А Сергею вдруг увиделось упрямое девичье лицо, волевая складка рта, зеленые холодноватые глаза и неожиданная озорная улыбка: «Помни этот полет, Сергей… Помни этот полет… Помни…» - будто в каком-то малиновом звоне прозвучали и затихли эти слова. И сразу вместо голоса Евгении Шиповой чуть искаженный рацией, грубоватый басок Давыдова:
- Развернуться против ветра. Закрыть створки капота. Двигателю – ноль тяги. Безмоторное снижение по спирали выполнять!
Сергей уронил машину на левое крыло. Потеряв в крутой спирали тысячу метров, резким движением рулей вывел «Антона» в горизонтальный полет.
- Ничего, пойдет… Скоро научишься зарабатывать кусок масла на командирский кусок хлеба, - изрек Давыдов расхожую авиационную присказку. – Только рулями не дергай, это тебе не Як… Ан-2 – вот твой аэроплан, тебе его еще не один год осваивать, выпускаться и «ГОСы» на нем сдавать. Поэтому работать надо плавно, обращаться с самолетом, как с любимой девушкой.

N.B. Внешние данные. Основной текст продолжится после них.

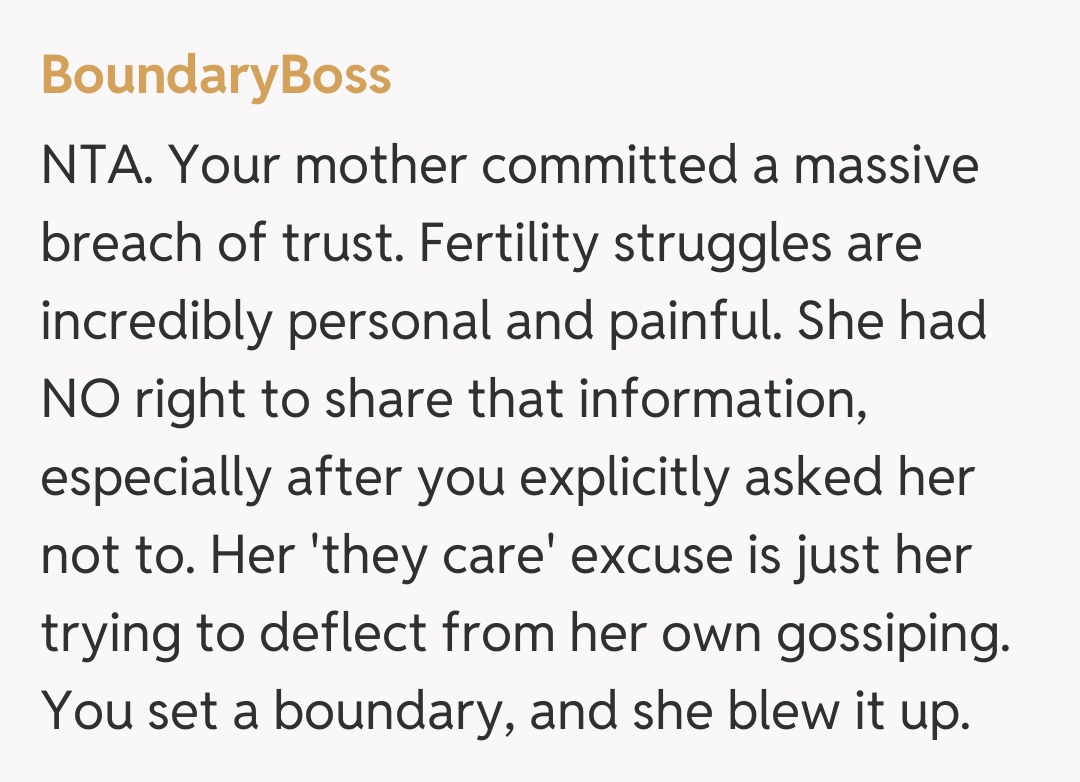 Comentariu de la BoundaryBoss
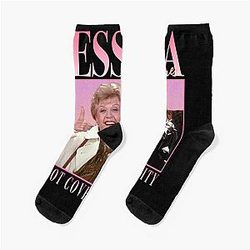 90's Retro Style Jessica Fletcher Socks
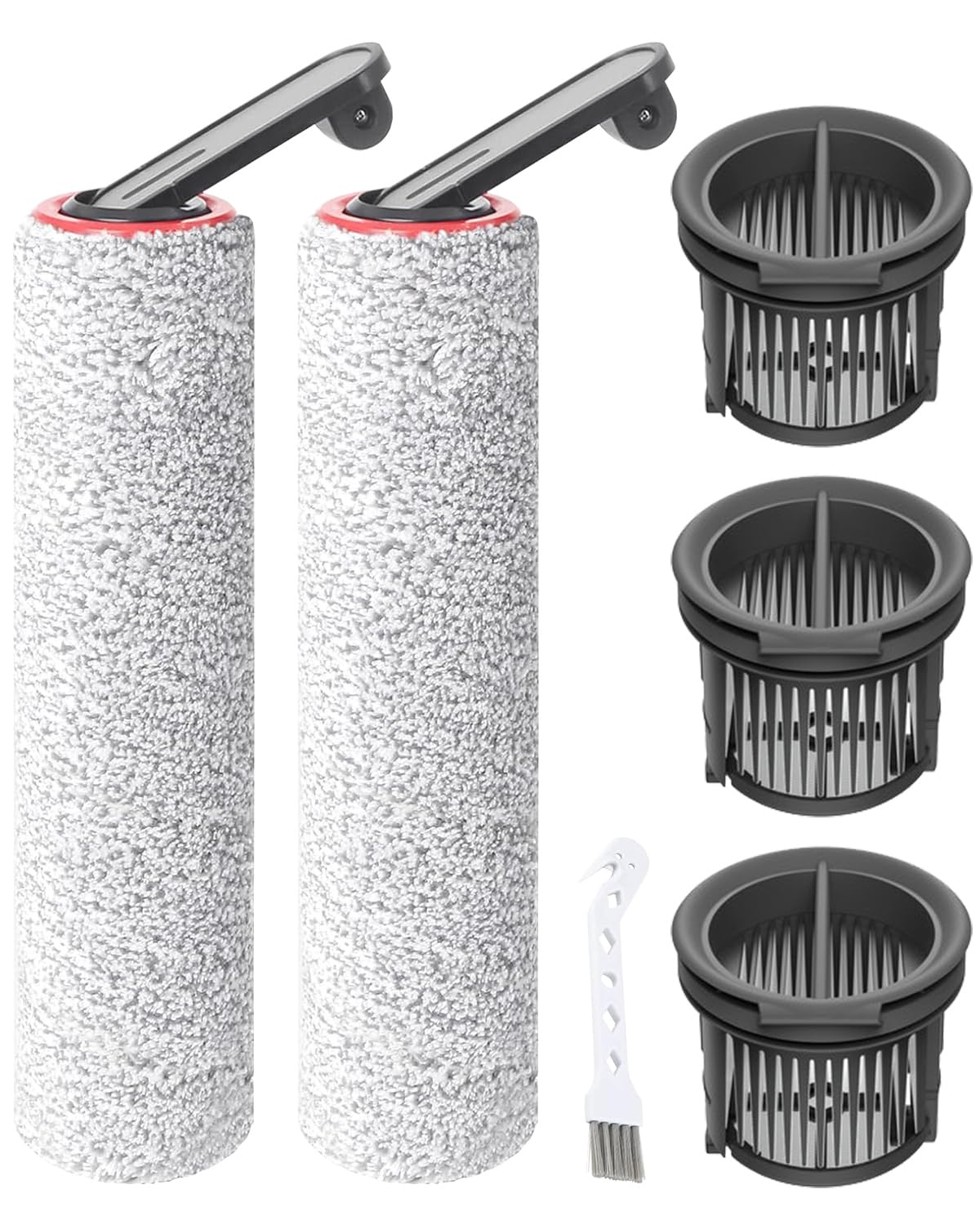 Roller Brush and Hepa Filter For Dreame H14/H14 Pro/H14 Dual Wet and Dry Vacuum Cleaner,H14 Pro Accessories Kit Inclue 3 HEPA Filters Replacement,2 Roller Brush-Easy Clean Detachable Accessories Set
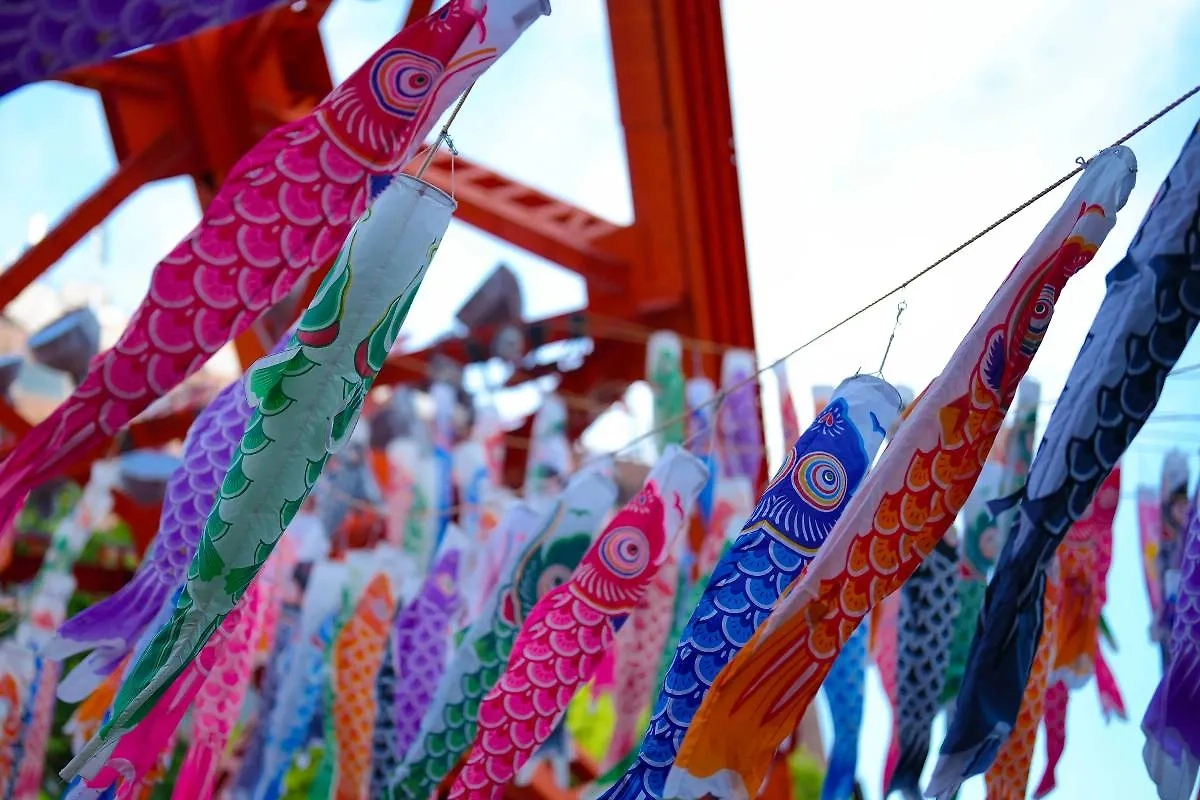 Японские праздничные карпы. Фото © Shutterstock / FOTODOM / KOJI.M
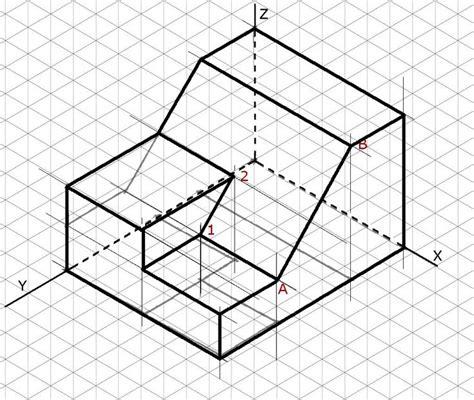 Representación Isométrica (II) | Técnicas de dibujo: Dibujar y Colorear Fácil con este Paso a Paso, dibujos de La Perspectiva Isometrica, como dibujar La Perspectiva Isometrica para colorear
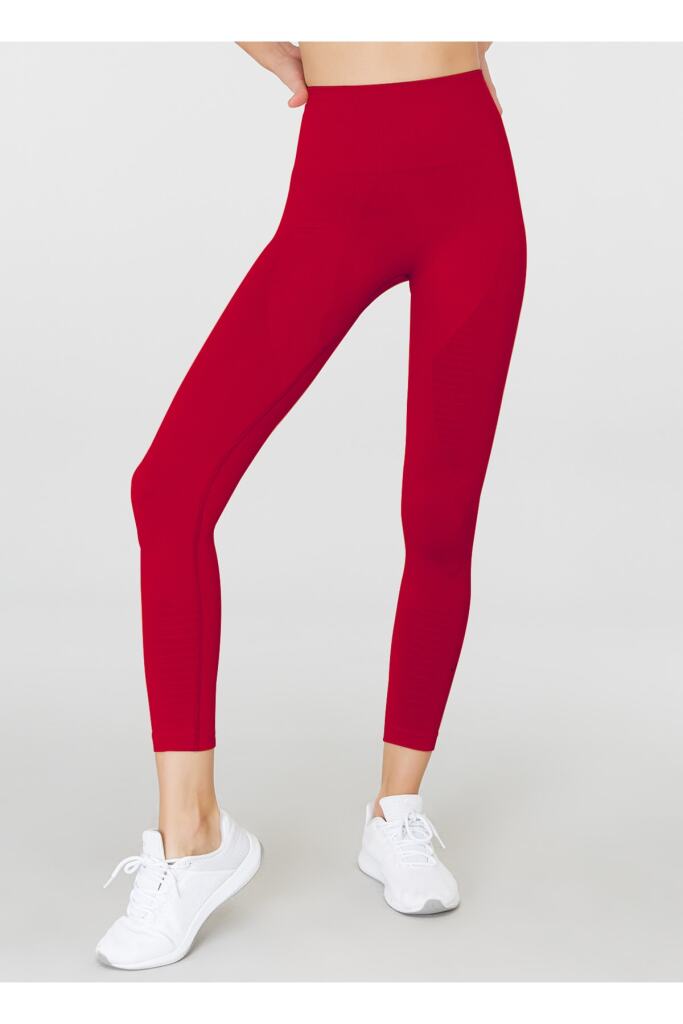 ⁦Jerf red sport leggings⁩ - الصورة ⁦2⁩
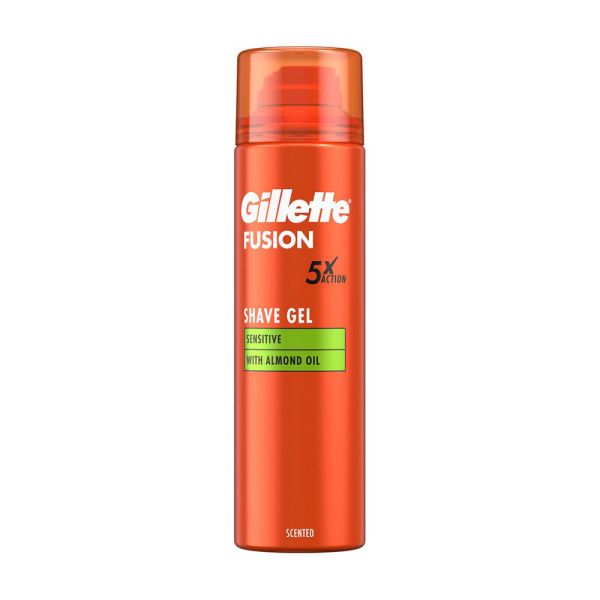 Гель для гоління Gillette Fusion сенситив 200 мл
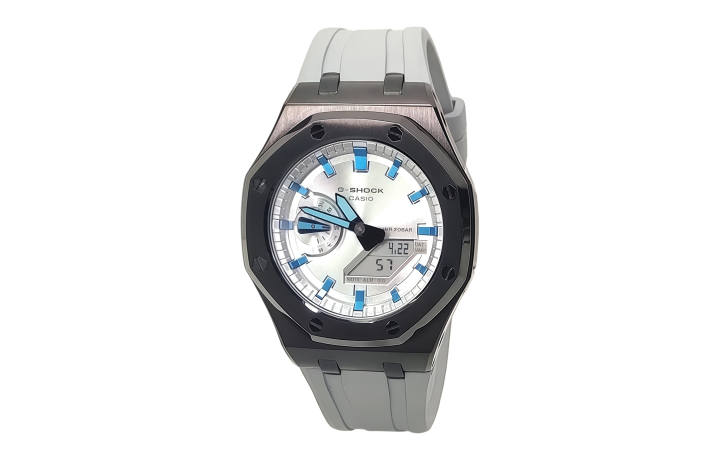 CASIO CASIO Men Liquid Crystal/Analog Dual Display Series 44mm Gray Watch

«Любимая девушка… - невольно подумалось Сергею, - где же ты сейчас, чем занимаешься, вспоминаешь ли обо мне?»
Машинально пилотируя, он унесся мыслями к Ольге.
- …Не знаю, что с ним делать? Не видит высоту выравнивания и все тут, хоть душа винтом! – голос инструктора обрывком ворвался в сознание Сергея. – Уже почти всю программу первого курса отлетал, а толку – ноль! Ты ведь его друг, Романов, подскажи, какие ключи подобрать к парню?
- Ключи… Какие ключи? – Сергей с недоумением воззрился на инструктора. – А-а-а, это вы про Кленова? Сам не знаю, что делать… Впрочем, есть одна мысль.
- Ну так выкладывай.
- Разрешите расшториться?
- Расшторивайся, управление взял.
Сергей стянул с остекления кабины шторку, зажмурился от ярко-синего света небесной высоты. Качнув штурвалом, Давыдов снова передал ему управление.
- Ну, слушаю тебя, мыслитель.
- Разговаривали мы с ним недавно, - тот перевел взгляд на командира. – Как бы это вам понятнее объяснить? Стесняется он вроде…
- Это что еще за новости? - Давыдов округлил глаза, его подвижное лицо вытянулось от удивления. - Барыня-сударыня какая твой Кленов? Застеснялся он, видите-ли…
- Да я не в этом смысле… - досадливо поморщился Сергей. – Просто завози'ли его, летал-то с ним почти каждый инструктор нашего звена. В итоге не получилось ничего цельного, все давали ему что-то свое, вот Кленов и подрастерялся. А сказать об этом боится.
- А Женька Шипова, вечная ей память, сколько она его возила? И тоже не смогла выпустить самостоятельно.
- Не смогла, - Сергей перевел курсозадатчик компаса на новый курс, стал разворачивать самолет. – Но ведь это было на Яке, он сложнее.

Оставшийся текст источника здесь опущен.